- Work order
The records below are to be reproduced exactly, and no picture should appear in the copy.

- Excerpted data
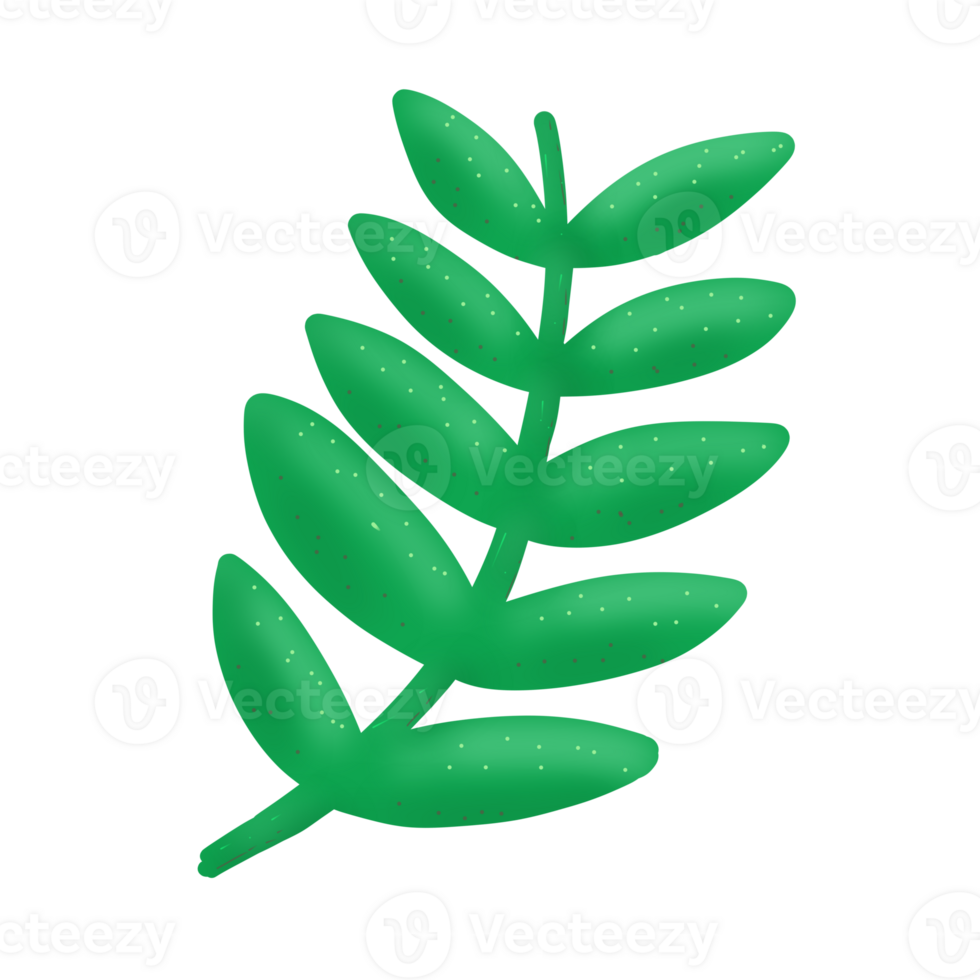 Green leaves illustration png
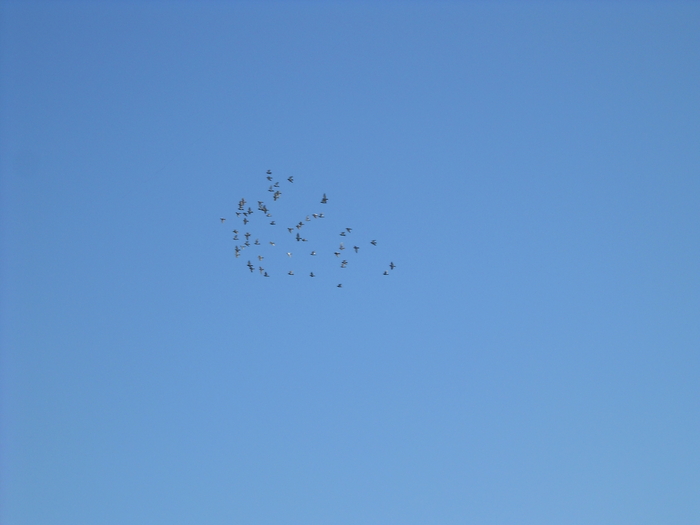 al doilea - spectacol pe cerul senin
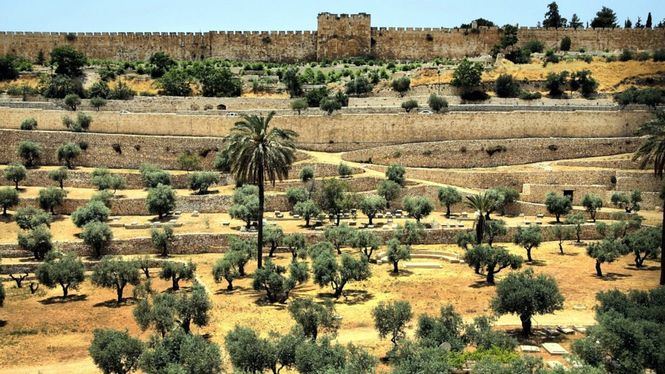 Israel busca atraer producciones extranjeras de cine y televisión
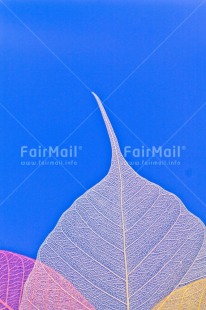 Fair Trade Photo Birthday, Blue, Colour, Get well soon, Leaf, Nature, Texture, Thank you, Yellow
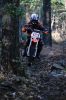 Filename=PlySands_60.jpg
Filesize=163KiB
Dimensions=648x976
Date added=Oct 30, 2013 PlySands_60.jpg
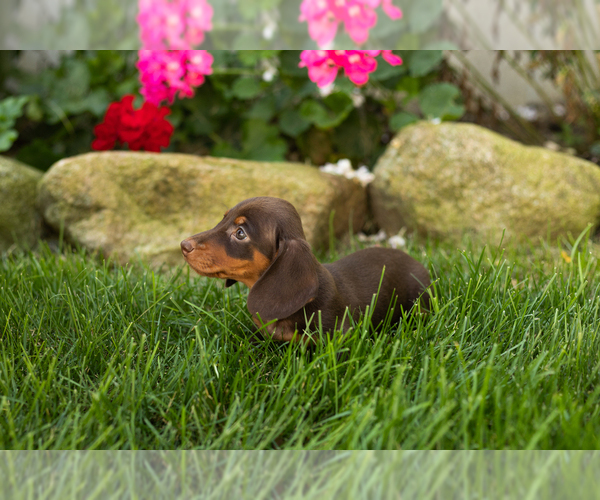 Medium Photo #4 Dachshund Puppy For Sale in MILLERSBURG, IN, USA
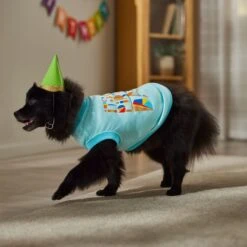 Frisco Birthday Celebration Dog & Cat T-Shirt -Blue Buffalo Shop 608318 PT7. AC SS1800 V1676643247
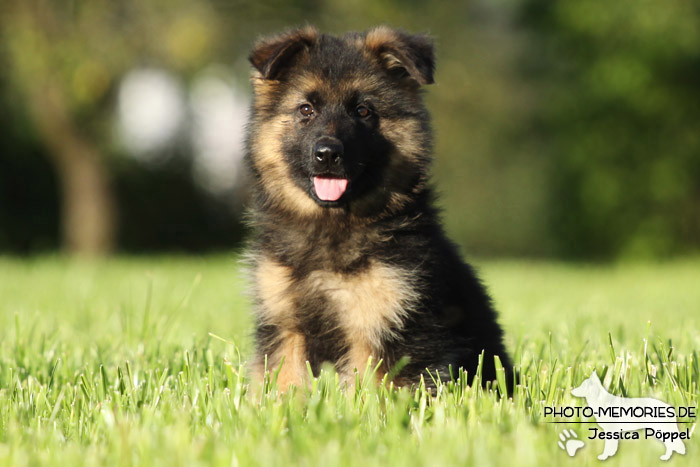Schwarz-brauner Schäferhundwelpe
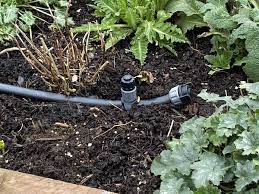 5 Best Automatic Watering Systems For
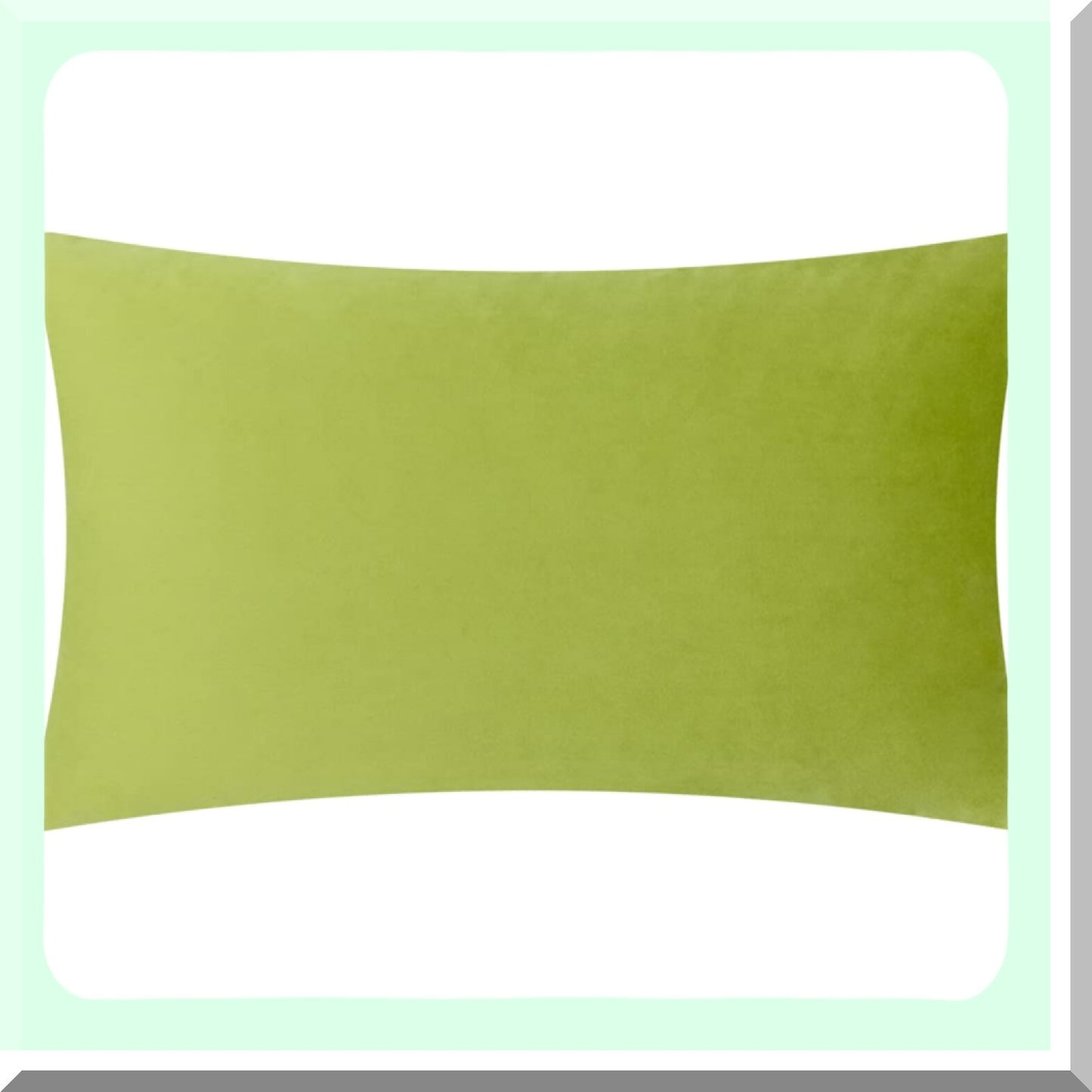 Velvet Green 3D Floral Pillowcase - Soft Cushion Cover for Bed Couch Sofa - Decorative Throw Pillow Cover - Living Room Decor - 12 x 20 Inches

- Your solution
 Green leaves illustration png
 al doilea - spectacol pe cerul senin
 Israel busca atraer producciones extranjeras de cine y televisión
 Fair Trade Photo Birthday, Blue, Colour, Get well soon, Leaf, Nature, Texture, Thank you, Yellow
 Filename=PlySands_60.jpg
Filesize=163KiB
Dimensions=648x976
Date added=Oct 30, 2013 PlySands_60.jpg
 Medium Photo #4 Dachshund Puppy For Sale in MILLERSBURG, IN, USA
 Frisco Birthday Celebration Dog & Cat T-Shirt -Blue Buffalo Shop 608318 PT7. AC SS1800 V1676643247
Schwarz-brauner Schäferhundwelpe
 5 Best Automatic Watering Systems For
 Velvet Green 3D Floral Pillowcase - Soft Cushion Cover for Bed Couch Sofa - Decorative Throw Pillow Cover - Living Room Decor - 12 x 20 Inches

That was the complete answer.